To read from or write to a GeoMesa Kafka topic, use the org.locationtech.geomesa.kafka.streams.GeoMesaStreamsBuilder
class. This class wraps a regular Kafka StreamsBuilder
with convenience methods for mapping feature types to
topics and loading serializers.
17.13.1. Streams Data Model¶
Messages are based on SimpleFeatures and modelled as a simple case class:
case class GeoMesaMessage(action: MessageAction, attributes: Seq[AnyRef], userData: Map[String, String])
object MessageAction extends Enumeration {
type MessageAction = Value
val Upsert, Delete = Value
}
17.13.2. Read Example¶
The following is adapted from the word-count example in Kafka Streams:
import org.apache.kafka.streams.scala.ImplicitConversions._
import org.apache.kafka.streams.scala.serialization.Serdes._
import org.locationtech.geomesa.kafka.streams.GeoMesaStreamsBuilder
// these are the parameters normally passed to DataStoreFinder
val params = Map[String, String](
"kafka.brokers" -> "localhost:9092",
"kafka.zookeepers" -> "localhost:2181"
)
val builder = GeoMesaStreamsBuilder(params)
// read in the feature type and turn the attributes into a space-separated string
val textLines: KStream[String, String] =
builder.stream("my-feature-type")
.map((k, v) => (k, v.attributes.map(_.toString.replaceAll(" ", "_")).mkString(" ")))
val wordCounts: KTable[String, Long] =
textLines
.flatMapValues(textLine => textLine.split(" +"))
.groupBy((_, word) => word)
.count()(Materialized.as("counts-store"))
wordCounts.toStream.to("word-count")
val topology = builder.build()
// construct the streams app as normal
import org.locationtech.geomesa.kafka.jstreams.GeoMesaStreamsBuilder;
// these are the parameters normally passed to DataStoreFinder
Map<String, String> params = new HashMap<>();
params.put("kafka.brokers", "localhost:9092");
params.put("kafka.zookeepers", "localhost:2181");
GeoMesaStreamsBuilder builder = GeoMesaStreamsBuilder.create(params)

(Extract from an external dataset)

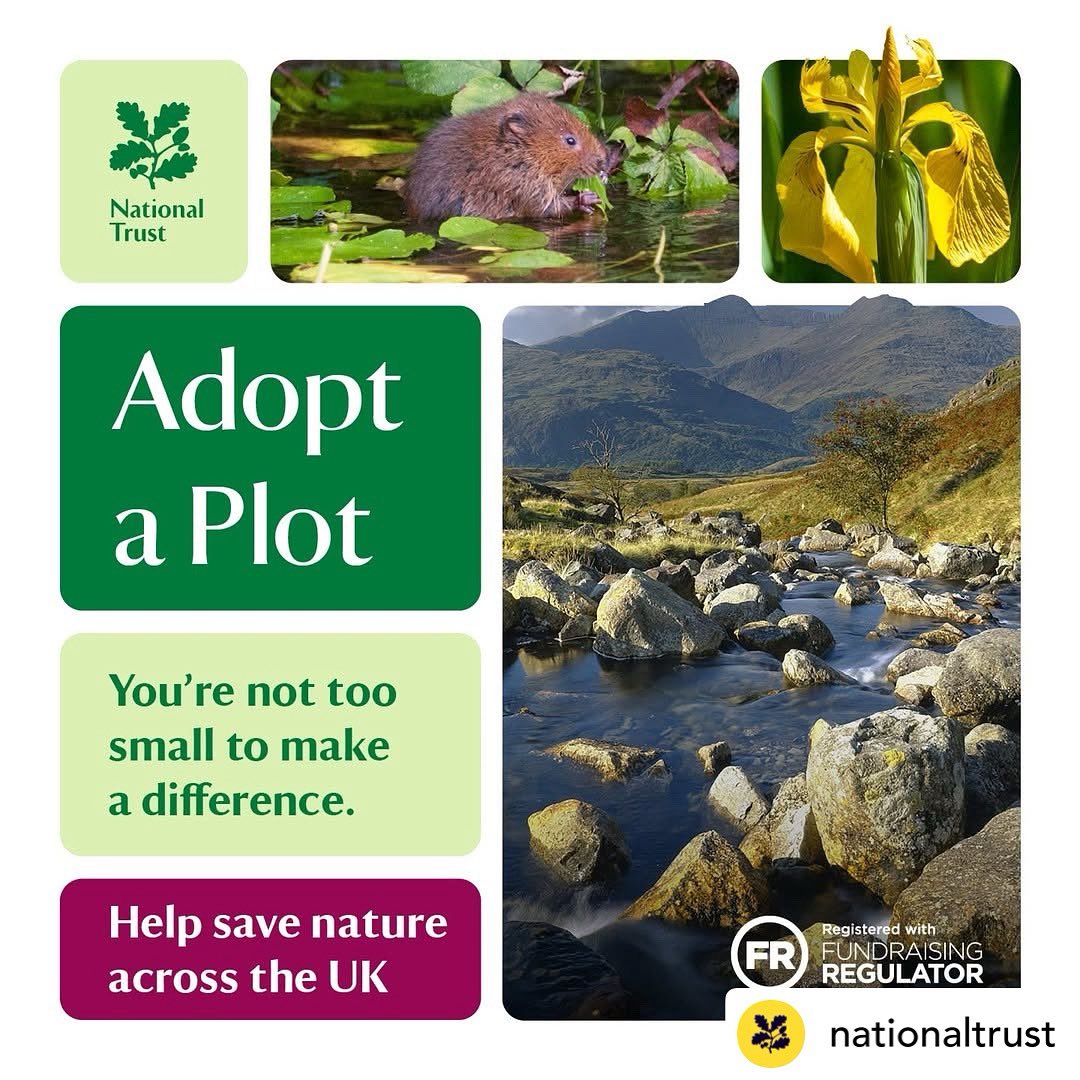 fifi3chui_'s tweet image. Let’s help nature @nationaltrust  #plot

// read in the feature type and turn the attributes into a space-separated string
KStream<String, String> textLines =
builder.stream("my-feature-type")
.mapValues(v -> v.asJava().stream().map(Object::toString).collect(Collectors.joining(" ")));
KTable<String, Long> wordCounts =
textLines
.flatMapValues(textLine -> Arrays.asList(textLine.split(" +")))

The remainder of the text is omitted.